30-60 minutes to see productivity improvements

Installation Steps

  1. 1.Install product management skill
  2. 2.Start with user story generation for known feature
  3. 3.Progress to competitive analysis: research 2-3 competitors
  4. 4.Use for roadmap prioritization: apply RICE/ICE scoring
  5. 5.Draft stakeholder communications and refine based on feedback
  6. 6.Build template library for recurring PM tasks
  7. 7.Share effective prompts with product team

Common Pitfalls

  • Not validating competitive research—verify facts before sharing
  • Accepting user stories without involving engineering team
  • Over-relying on frameworks without qualitative judgment
  • Not customizing outputs to company culture and communication style
  • Skipping stakeholder validation of generated requirements

Best Practices

✓ Do

  • +Validate research and competitive analysis with real data
  • +Collaborate with engineering when generating technical requirements
  • +Customize frameworks and templates to your company context
  • +Use skill for first drafts, refine with stakeholder input
  • +Document successful prompt patterns for PM tasks
  • +Combine AI efficiency with human judgment and intuition

✗ Don't

  • Don't publish competitive analysis without fact-checking
  • Don't finalize user stories without engineering review
  • Don't make prioritization decisions solely on AI scoring
  • Don't skip customer validation of generated requirements
  • Don't ignore company-specific context and culture

💡 Pro Tips

  • Provide context: company goals, constraints, customer feedback
  • Ask for alternatives: 'Show 3 ways to prioritize this roadmap'
  • Request stakeholder-specific formatting: 'Executive summary vs. engineering spec'
  • Use skill for 70% generation + 30% customization to company needs

When to Use This

✓ Use When

Use for user story writing, competitive research, roadmap prioritization, stakeholder communication, and PRD drafting.
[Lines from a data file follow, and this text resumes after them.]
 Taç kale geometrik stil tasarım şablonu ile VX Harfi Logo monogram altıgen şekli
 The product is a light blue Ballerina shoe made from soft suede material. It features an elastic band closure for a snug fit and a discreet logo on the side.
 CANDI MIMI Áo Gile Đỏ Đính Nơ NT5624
Best for reducing repetitive documentation and research work.

✗ Avoid When

Avoid for strategic product vision (requires deep customer empathy), pricing decisions (needs market and financial expertise), or when face-to-face customer discovery is more valuable than speed.

Learning Path

  1. 1Basic: user stories, feature specs, status updates
  2. 2Intermediate: competitive analysis, prioritization frameworks, PRDs
  3. 3Advanced: product strategy, go-to-market planning, OKR setting
  4. 4Expert: product vision, market positioning, business model innovation

Discussion

Product Hunt–style comments (not star reviews)
  • No comments yet — start the thread.
general reviews

Ratings

4.675 reviews
  • Pratham Ware· Dec 28, 2024

    I recommend configuring-tauri-permissions for anyone iterating fast on agent tooling; clear intent and a small, reviewable surface area.

  • Nia Malhotra· Dec 28, 2024

    We added configuring-tauri-permissions from the explainx registry; install was straightforward and the SKILL.md answered most questions upfront.

  • Li Jain· Dec 20, 2024

    configuring-tauri-permissions reduced setup friction for our internal harness; good balance of opinion and flexibility.
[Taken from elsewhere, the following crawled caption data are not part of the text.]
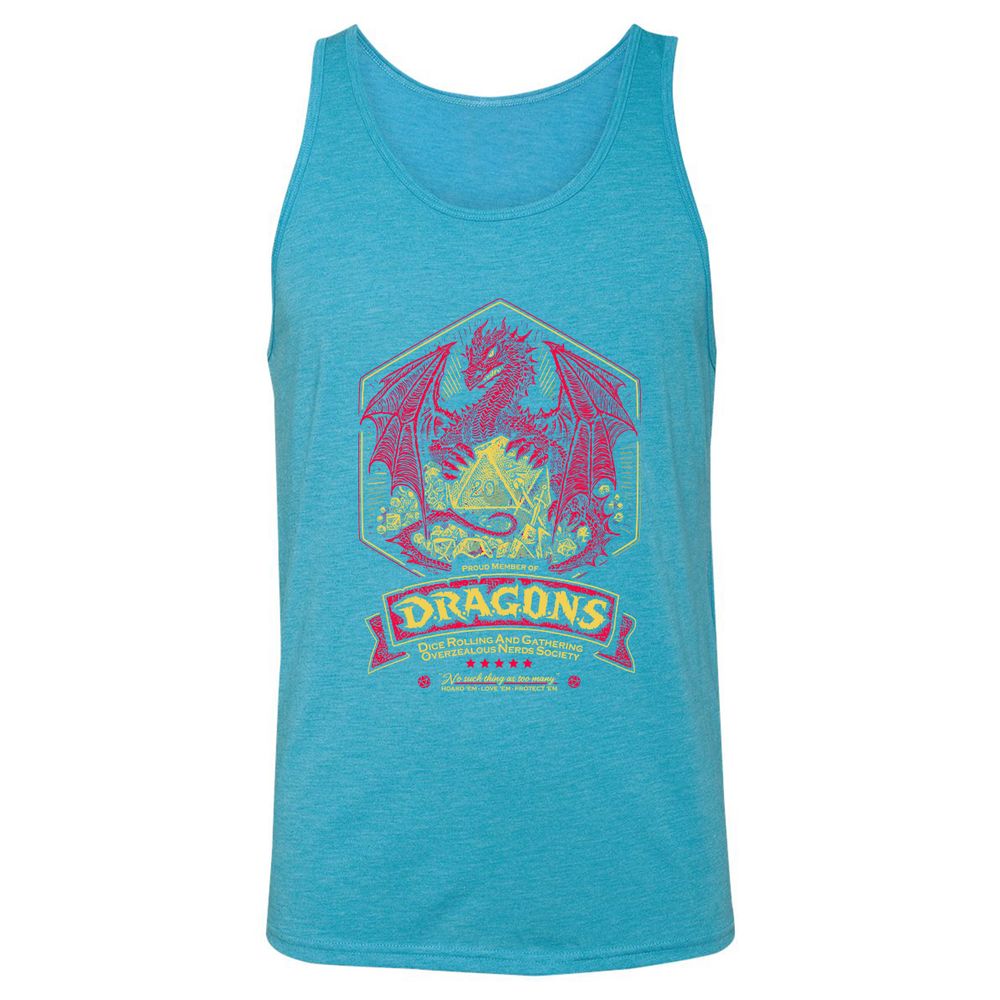 Fantasy Dragon With Dice - Aqua Triblend - 3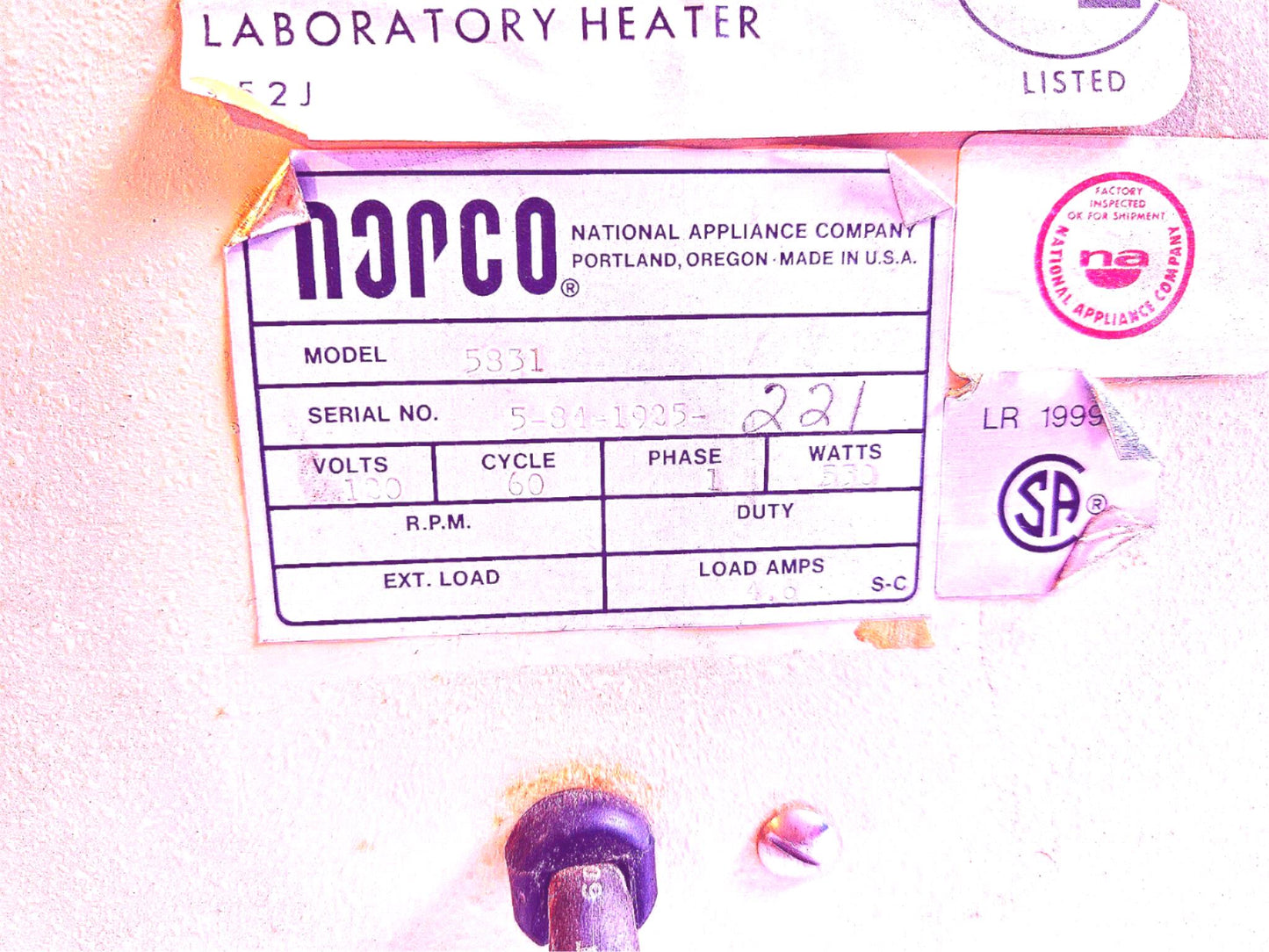 90DAYWARRANTY REFURBISHED NAPCO 5831 LAB VACUUM OVEN 0.45cuft 550W 120V FREESHIP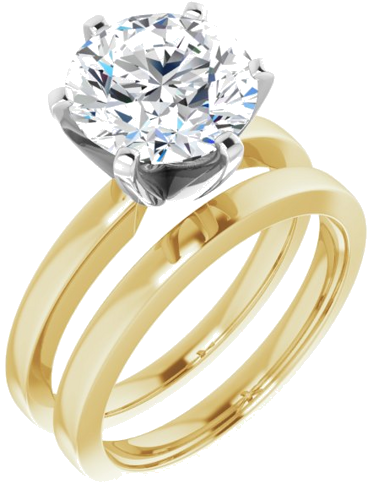 Sužadėtuvių Žiedas „Solitaire“ 14k yellow/white gold Round 9.4mm (6)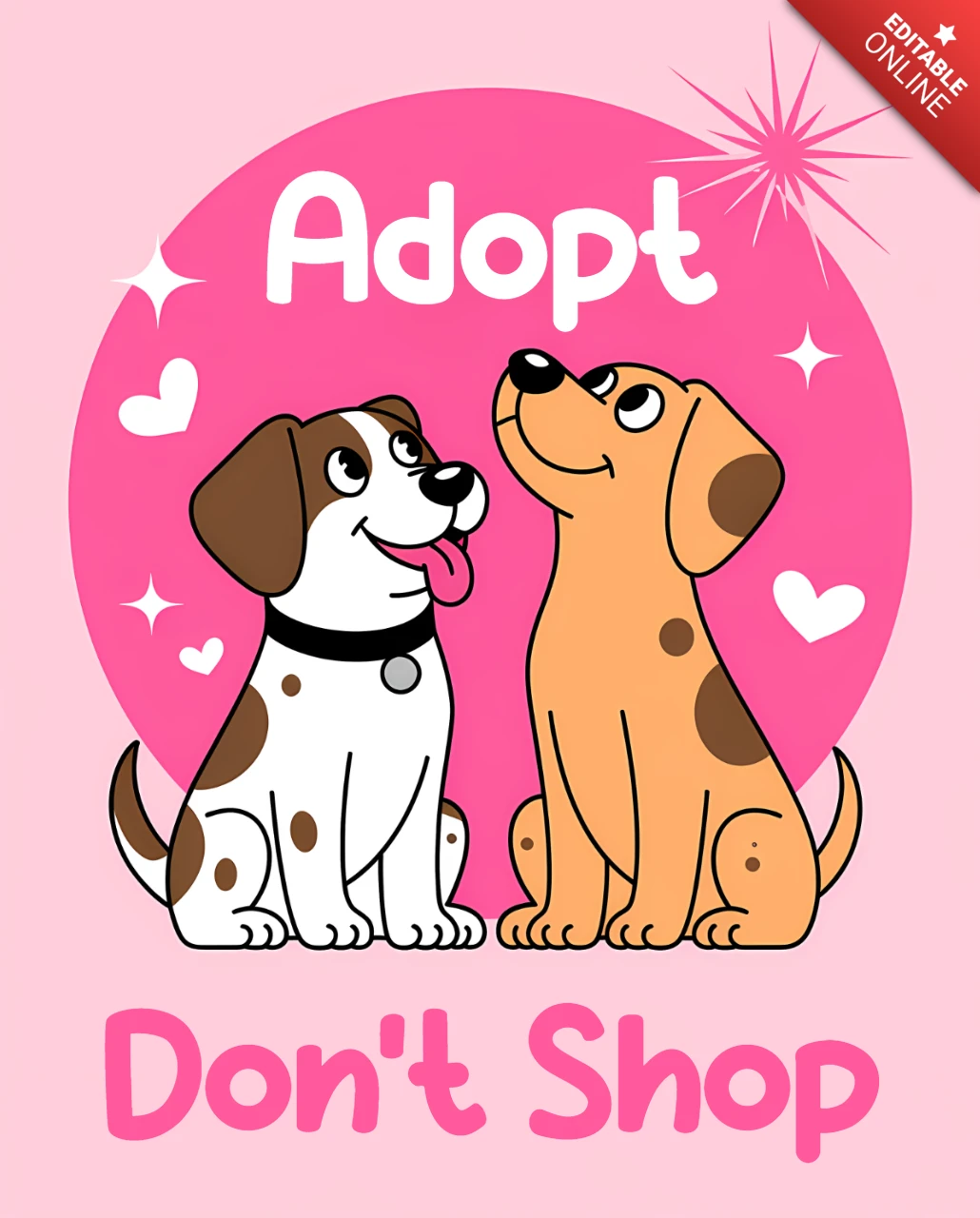 Modèle de design d'adoption de chien joueur pour t-shirts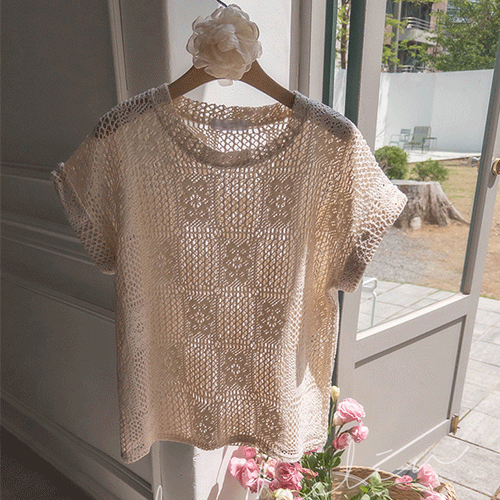 [Dry Quality] Dearel 花朵镂空蕾丝夏季针织上衣 [尺码: F(55~66)]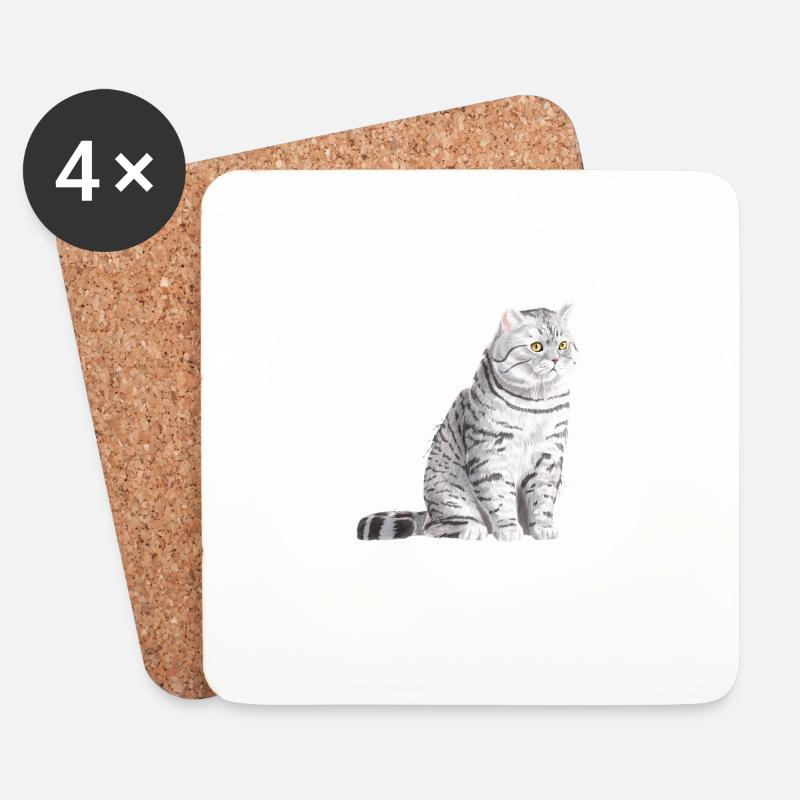 Sitzende Spotted Britisch Kurzhaar Katze - Untersetzer (4er-Set) - Weiß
  • Tariq White· Dec 20, 2024

    Useful defaults in configuring-tauri-permissions — fewer surprises than typical one-off scripts, and it plays nicely with `npx skills` flows.

  • Sakura Iyer· Dec 16, 2024

    configuring-tauri-permissions is among the better-maintained entries we tried; worth keeping pinned for repeat workflows.

  • Camila Martinez· Dec 16, 2024

    Keeps context tight: configuring-tauri-permissions is the kind of skill you can hand to a new teammate without a long onboarding doc.

  • Ava Verma· Nov 23, 2024

    configuring-tauri-permissions fits our agent workflows well — practical, well scoped, and easy to wire into existing repos.

  • Yash Thakker· Nov 19, 2024

    Useful defaults in configuring-tauri-permissions — fewer surprises than typical one-off scripts, and it plays nicely with `npx skills` flows.

  • Kabir Jackson· Nov 19, 2024

    Keeps context tight: configuring-tauri-permissions is the kind of skill you can hand to a new teammate without a long onboarding doc.

  • Chinedu Mehta· Nov 11, 2024

    configuring-tauri-permissions is among the better-maintained entries we tried; worth keeping pinned for repeat workflows.